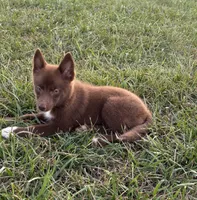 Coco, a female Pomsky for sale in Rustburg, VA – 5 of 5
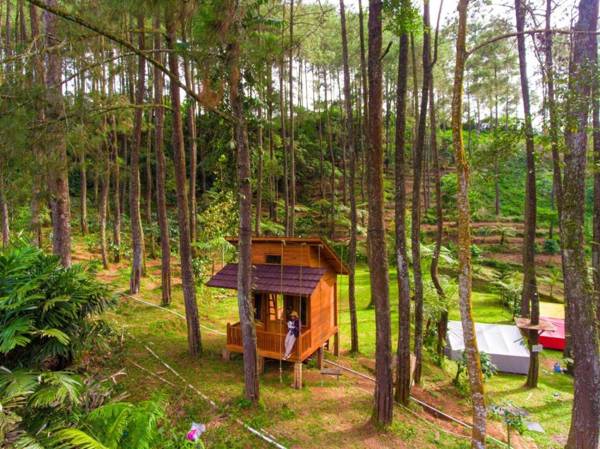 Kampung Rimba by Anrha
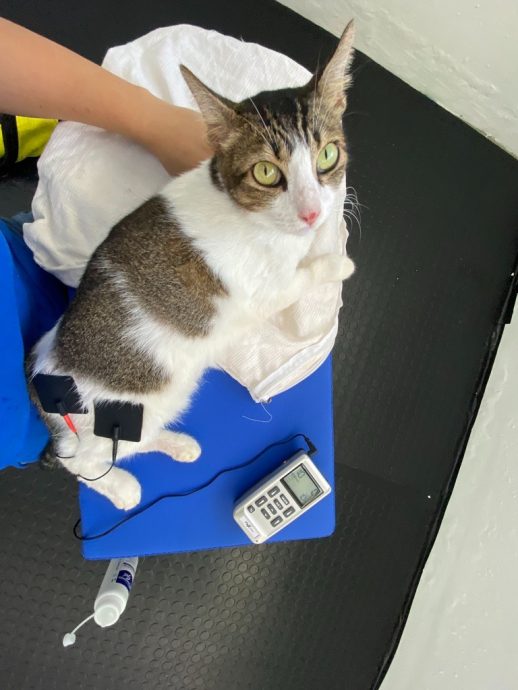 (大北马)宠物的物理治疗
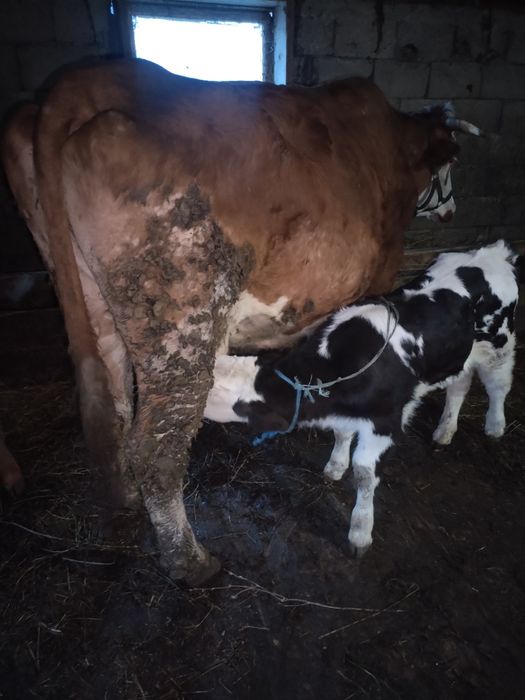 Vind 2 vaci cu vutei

...

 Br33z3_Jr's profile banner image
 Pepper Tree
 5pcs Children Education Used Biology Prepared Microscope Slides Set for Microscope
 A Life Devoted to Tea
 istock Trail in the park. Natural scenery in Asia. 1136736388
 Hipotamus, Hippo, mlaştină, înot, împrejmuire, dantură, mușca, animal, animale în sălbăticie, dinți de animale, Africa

--

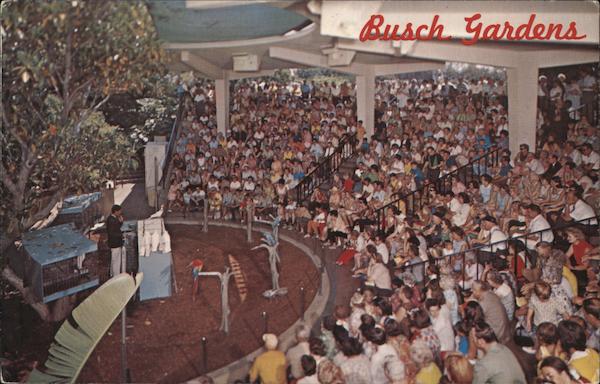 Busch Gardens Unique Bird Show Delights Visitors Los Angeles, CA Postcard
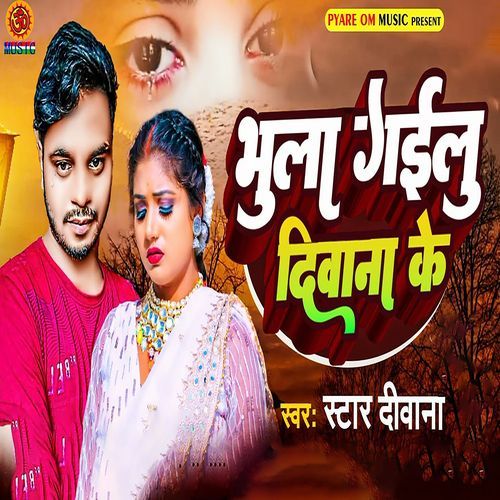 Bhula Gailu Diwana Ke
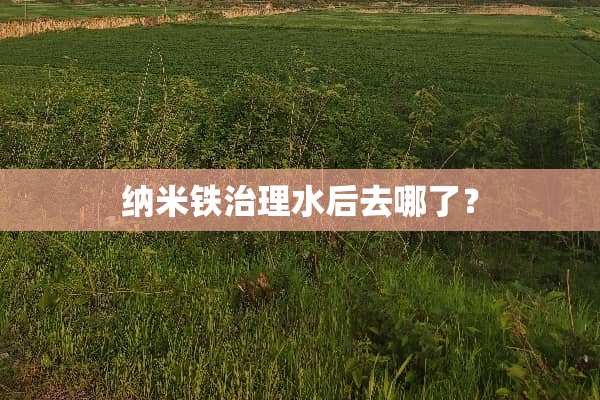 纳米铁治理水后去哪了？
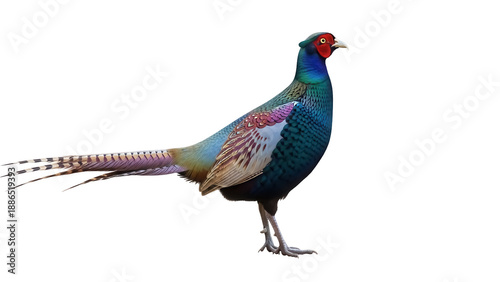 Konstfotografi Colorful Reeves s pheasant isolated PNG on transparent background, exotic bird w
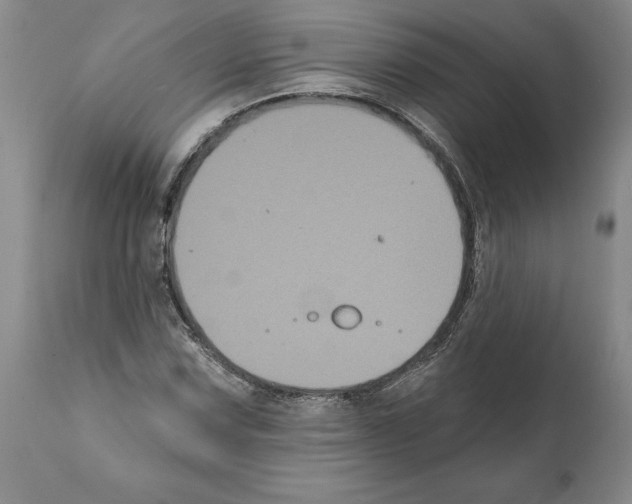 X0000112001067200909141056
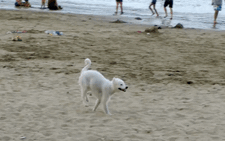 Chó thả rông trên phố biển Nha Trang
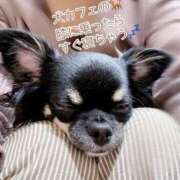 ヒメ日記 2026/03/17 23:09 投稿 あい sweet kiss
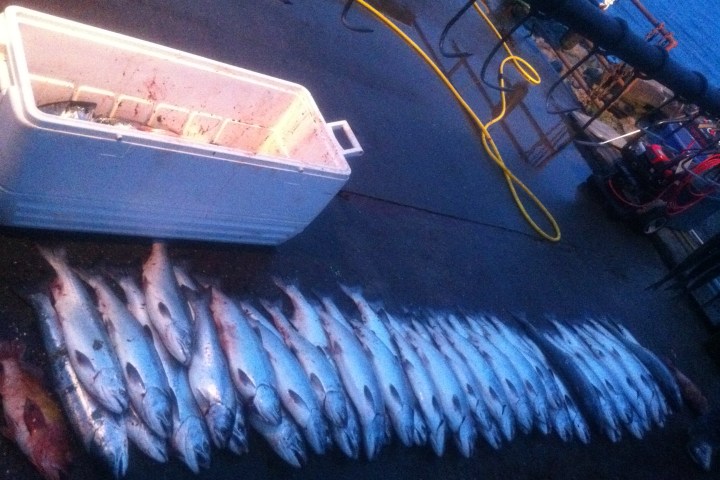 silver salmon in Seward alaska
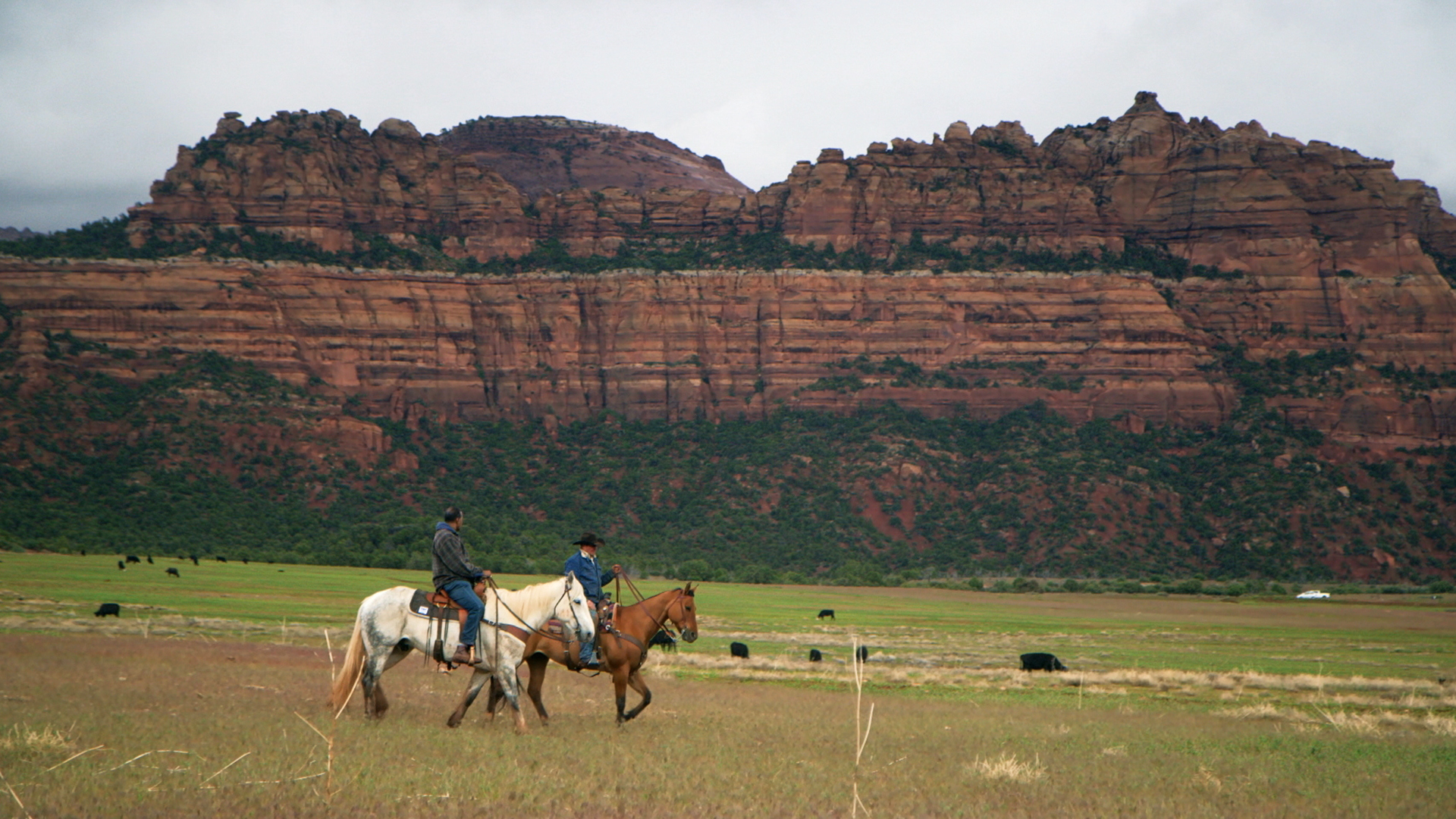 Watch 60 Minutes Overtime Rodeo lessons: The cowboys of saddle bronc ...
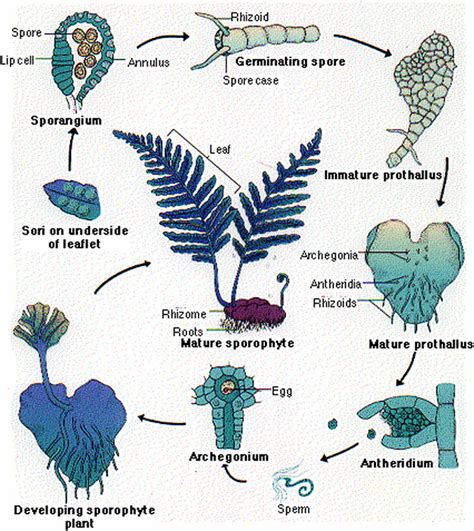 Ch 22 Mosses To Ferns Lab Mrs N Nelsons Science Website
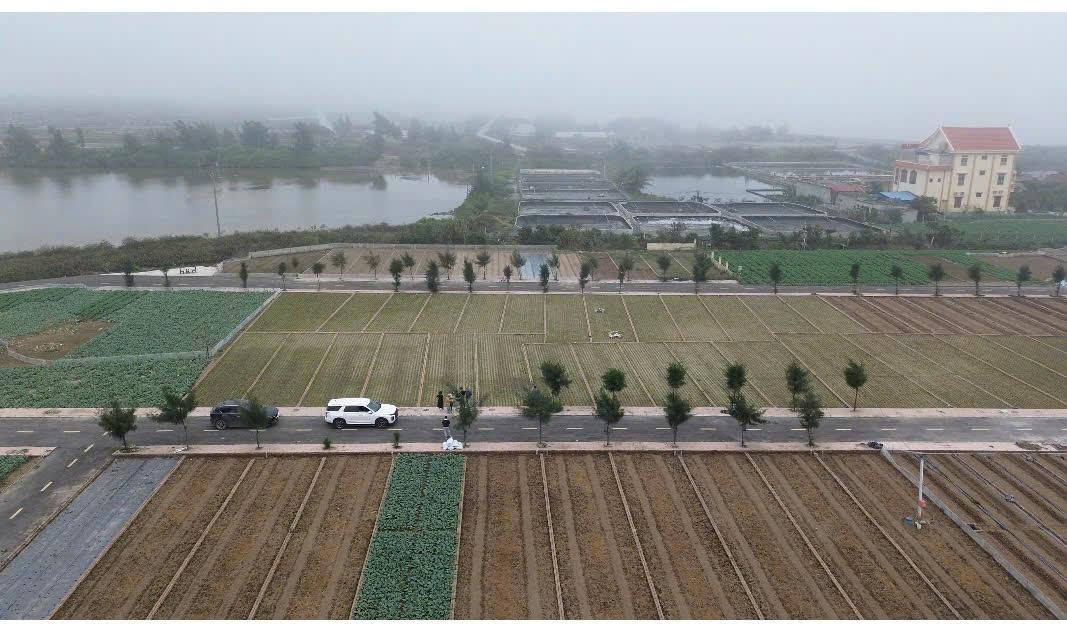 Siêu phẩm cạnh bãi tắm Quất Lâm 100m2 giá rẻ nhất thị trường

PROBLEM. Using the data above, transcribe exactly the lines between those containing "Coco, a female" and "Vind 2 vaci cu vutei", inclusive, and leave every picture behind.

TASK ANSWER.
 Coco, a female Pomsky for sale in Rustburg, VA – 5 of 5
 Kampung Rimba by Anrha
 (大北马)宠物的物理治疗
 Vind 2 vaci cu vutei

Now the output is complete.